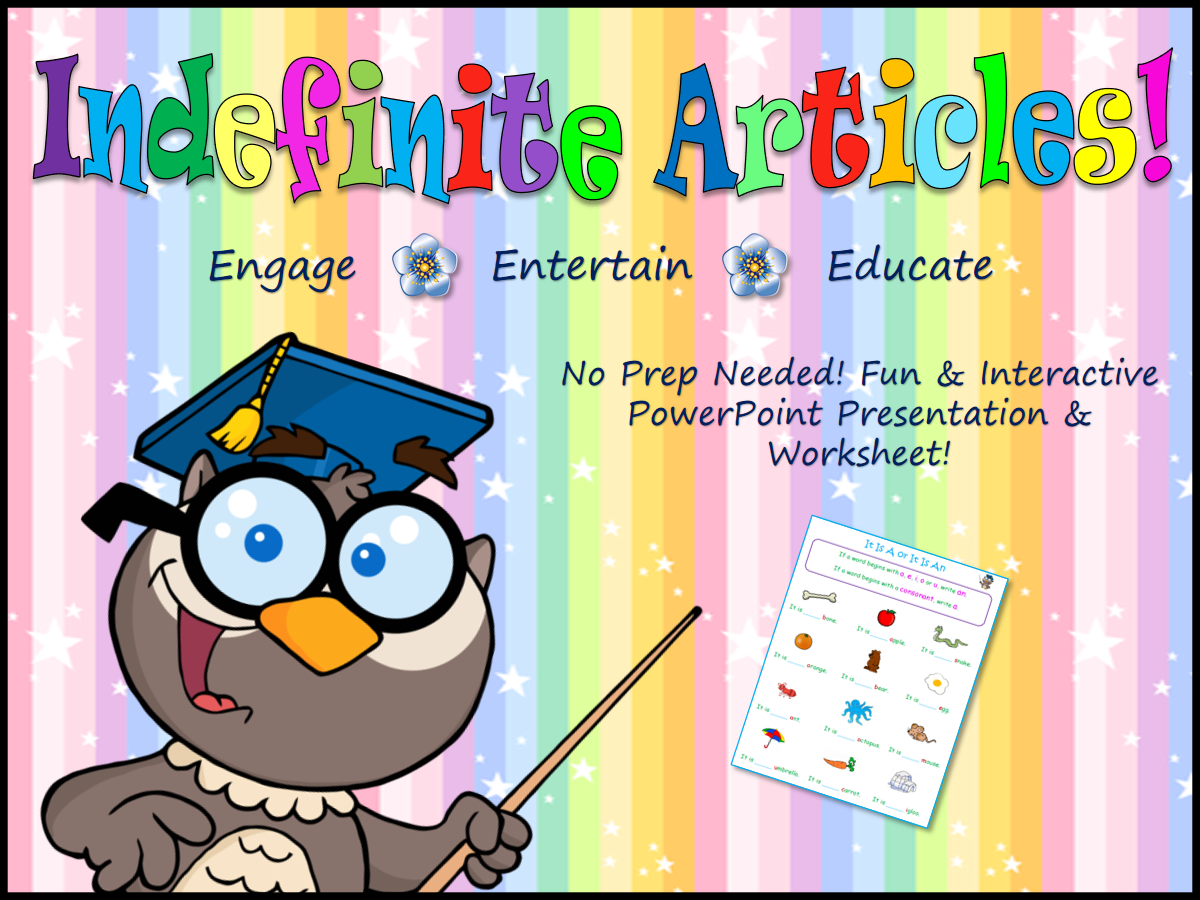 Indefinite Articles: Using 'A or An' Interactive PPT & Worksheet! No Prep!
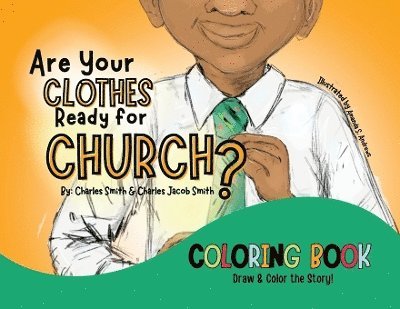 Charles Smith, Charles J Smith - Are Your Clothes Ready for Church? Coloring Book, Häftad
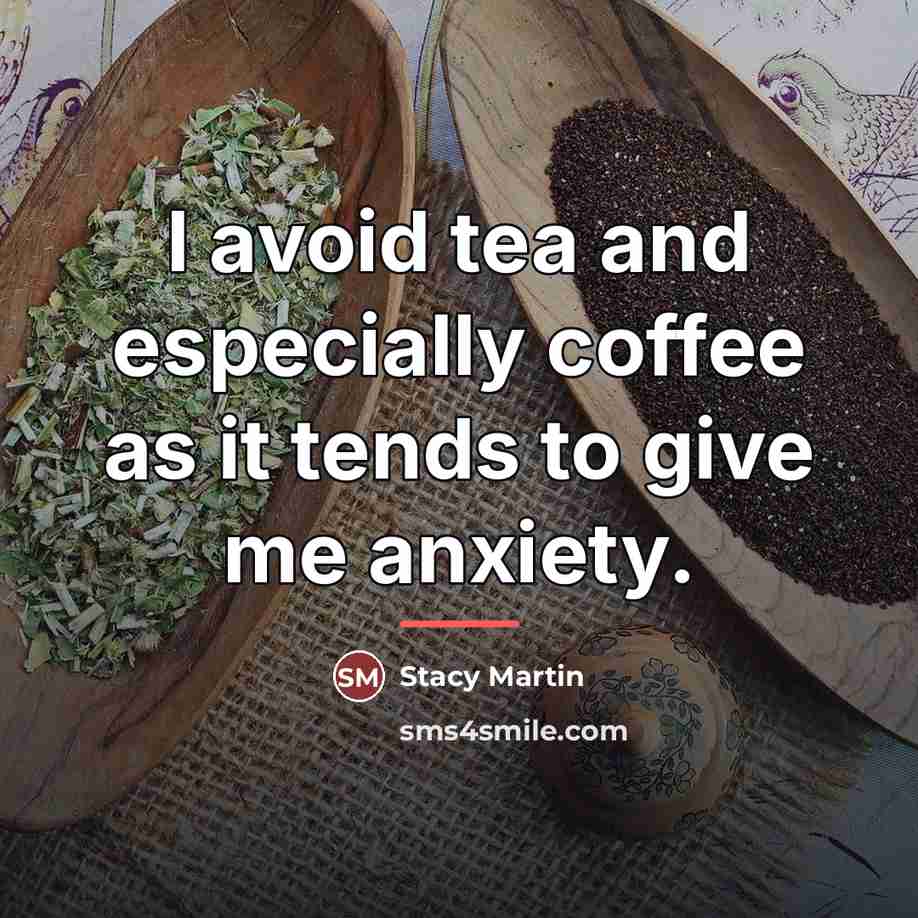 “I avoid tea and especially coffee as it tends to…” quote by Stacy Martin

+ + + + +

• _TASK DESCRIPTION_:
Please give the data again unaltered, leaving out any images.

• _RESPONSE TO THE EXERCISE_:
 Indefinite Articles: Using 'A or An' Interactive PPT & Worksheet! No Prep!
 Charles Smith, Charles J Smith - Are Your Clothes Ready for Church? Coloring Book, Häftad
 “I avoid tea and especially coffee as it tends to…” quote by Stacy Martin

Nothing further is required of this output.